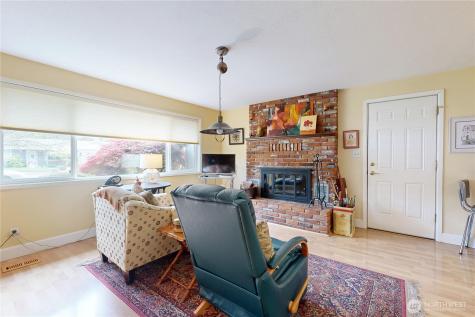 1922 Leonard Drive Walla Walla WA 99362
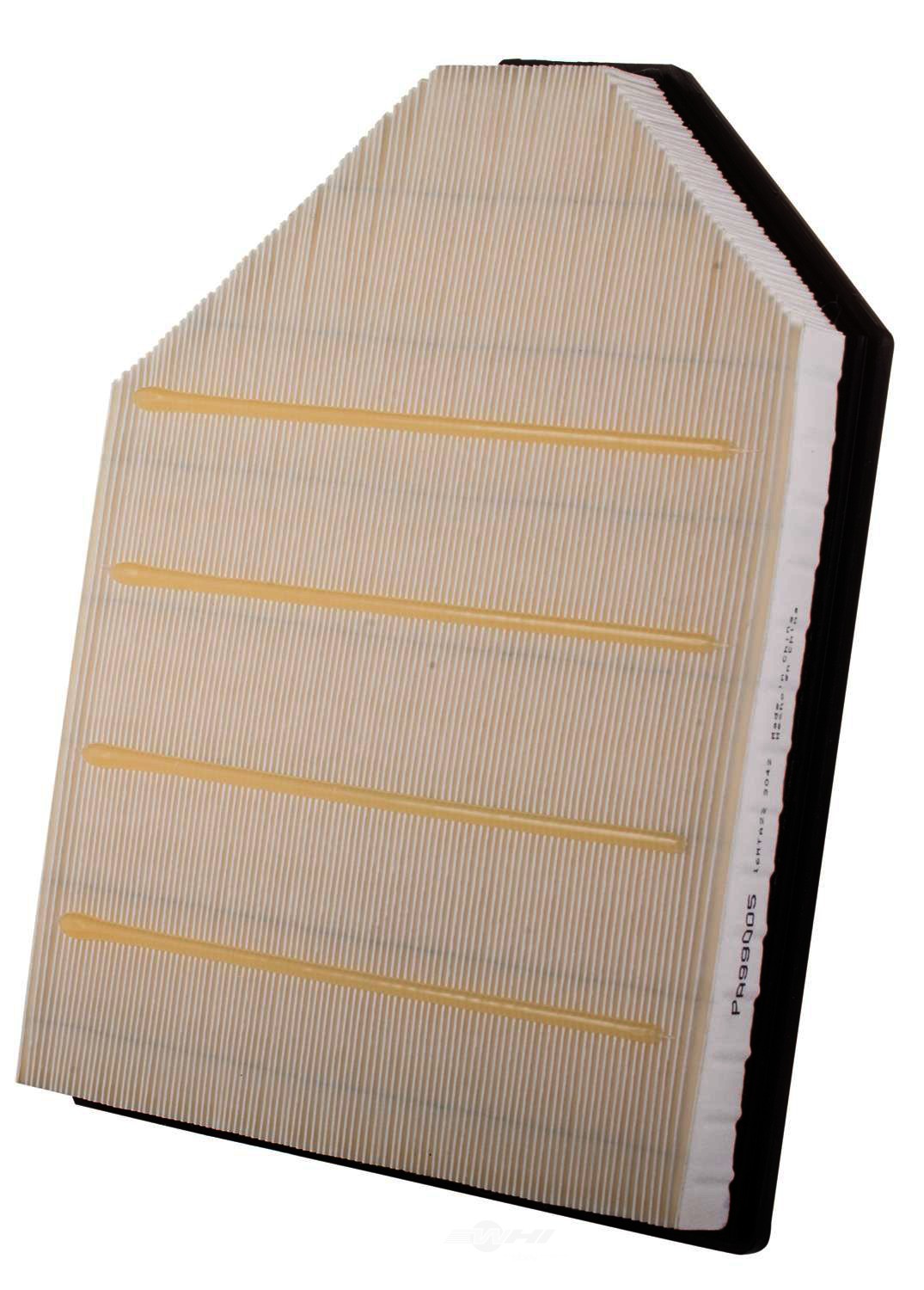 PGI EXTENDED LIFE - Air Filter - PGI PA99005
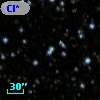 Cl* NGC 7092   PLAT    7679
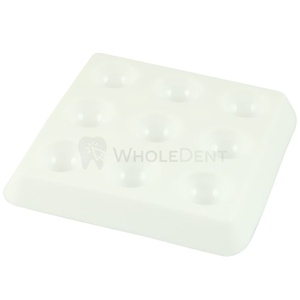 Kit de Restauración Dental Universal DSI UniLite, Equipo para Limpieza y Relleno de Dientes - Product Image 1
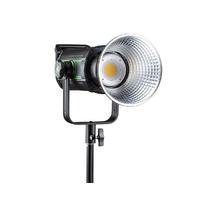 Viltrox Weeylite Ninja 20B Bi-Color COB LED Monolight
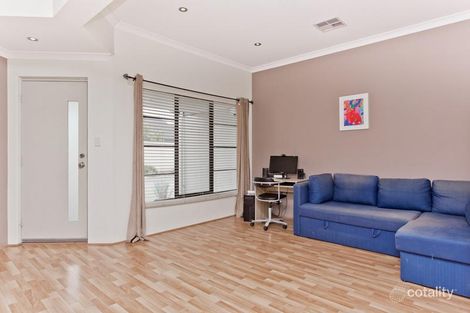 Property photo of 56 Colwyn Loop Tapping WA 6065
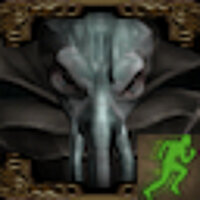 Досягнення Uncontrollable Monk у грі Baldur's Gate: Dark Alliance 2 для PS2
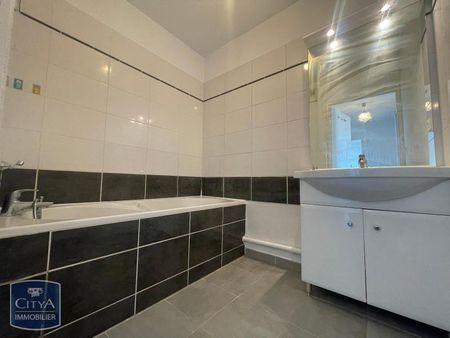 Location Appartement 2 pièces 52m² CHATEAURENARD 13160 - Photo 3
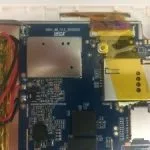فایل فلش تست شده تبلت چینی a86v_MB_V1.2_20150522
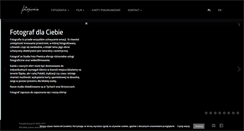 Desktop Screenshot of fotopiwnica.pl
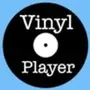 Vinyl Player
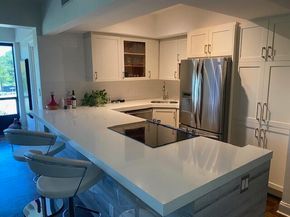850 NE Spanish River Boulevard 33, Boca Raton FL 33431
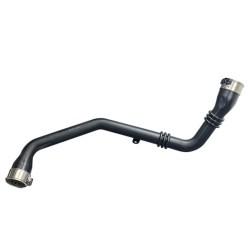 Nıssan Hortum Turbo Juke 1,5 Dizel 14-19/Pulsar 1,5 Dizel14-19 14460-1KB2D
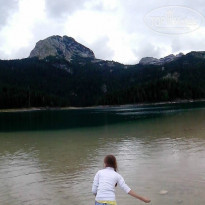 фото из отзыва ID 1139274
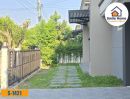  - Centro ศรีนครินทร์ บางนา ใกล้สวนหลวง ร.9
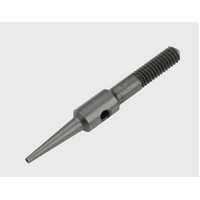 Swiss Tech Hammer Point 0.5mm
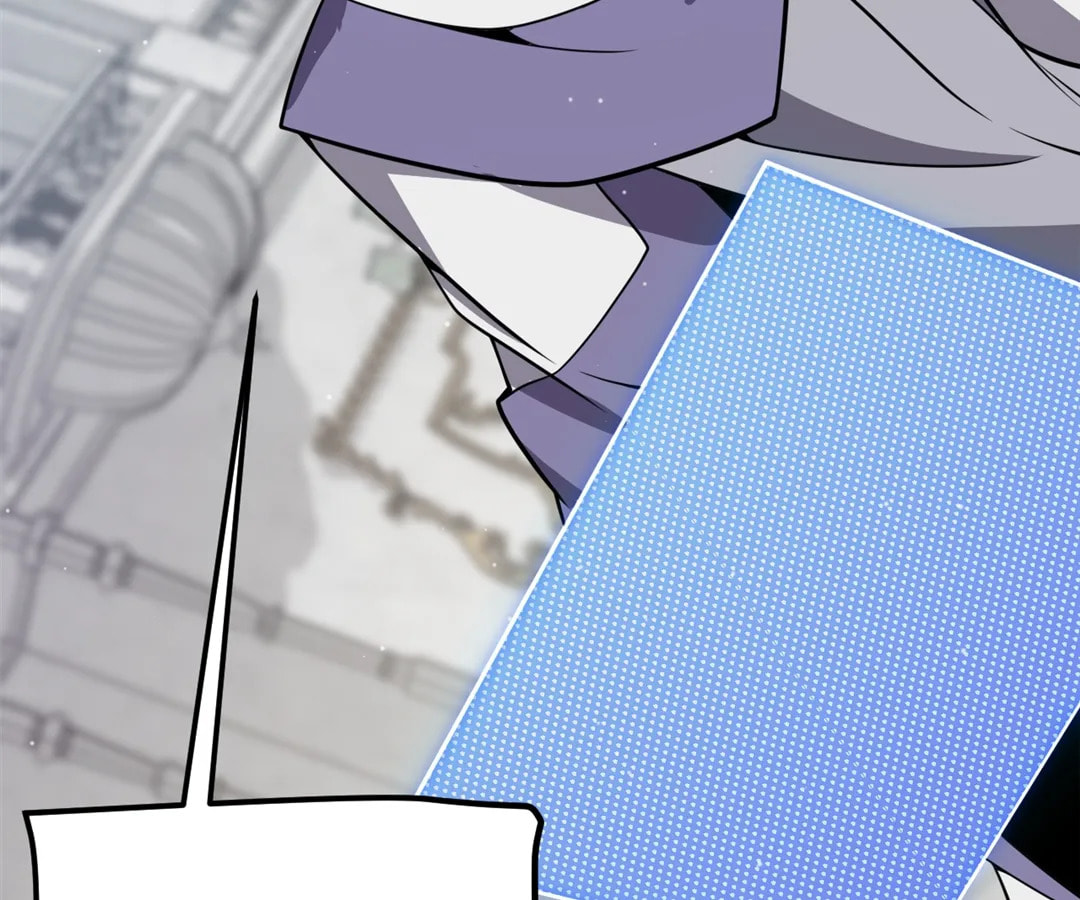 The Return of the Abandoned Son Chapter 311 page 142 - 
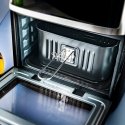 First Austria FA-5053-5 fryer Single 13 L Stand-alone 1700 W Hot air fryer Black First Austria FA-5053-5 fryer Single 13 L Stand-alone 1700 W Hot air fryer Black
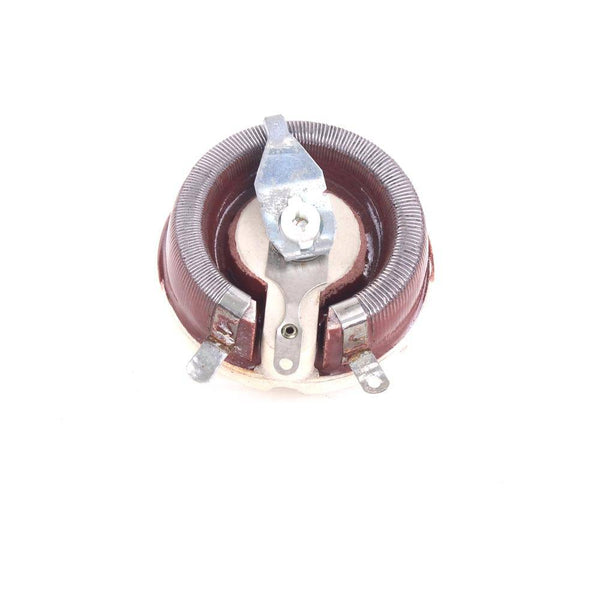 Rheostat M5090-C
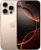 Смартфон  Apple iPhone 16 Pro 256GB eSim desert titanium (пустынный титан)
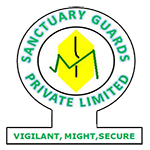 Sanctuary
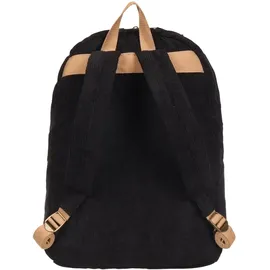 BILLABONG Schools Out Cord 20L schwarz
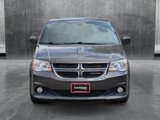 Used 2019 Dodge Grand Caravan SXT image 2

◇ ◇ ◇ ◇

Work request:
Every entry above is to be repeated word for word, with all pictures omitted.

Answer below:
 1922 Leonard Drive Walla Walla WA 99362
 PGI EXTENDED LIFE - Air Filter - PGI PA99005
 Cl* NGC 7092   PLAT    7679
 Kit de Restauración Dental Universal DSI UniLite, Equipo para Limpieza y Relleno de Dientes - Product Image 1
 Viltrox Weeylite Ninja 20B Bi-Color COB LED Monolight
 Property photo of 56 Colwyn Loop Tapping WA 6065
 Досягнення Uncontrollable Monk у грі Baldur's Gate: Dark Alliance 2 для PS2
 Location Appartement 2 pièces 52m² CHATEAURENARD 13160 - Photo 3
فایل فلش تست شده تبلت چینی a86v_MB_V1.2_20150522
 Desktop Screenshot of fotopiwnica.pl
 Vinyl Player
850 NE Spanish River Boulevard 33, Boca Raton FL 33431
 Nıssan Hortum Turbo Juke 1,5 Dizel 14-19/Pulsar 1,5 Dizel14-19 14460-1KB2D
 фото из отзыва ID 1139274
  - Centro ศรีนครินทร์ บางนา ใกล้สวนหลวง ร.9
 Swiss Tech Hammer Point 0.5mm
 The Return of the Abandoned Son Chapter 311 page 142 - 
 First Austria FA-5053-5 fryer Single 13 L Stand-alone 1700 W Hot air fryer Black First Austria FA-5053-5 fryer Single 13 L Stand-alone 1700 W Hot air fryer Black
 Rheostat M5090-C
 Смартфон  Apple iPhone 16 Pro 256GB eSim desert titanium (пустынный титан)
 Sanctuary
 BILLABONG Schools Out Cord 20L schwarz
 Used 2019 Dodge Grand Caravan SXT image 2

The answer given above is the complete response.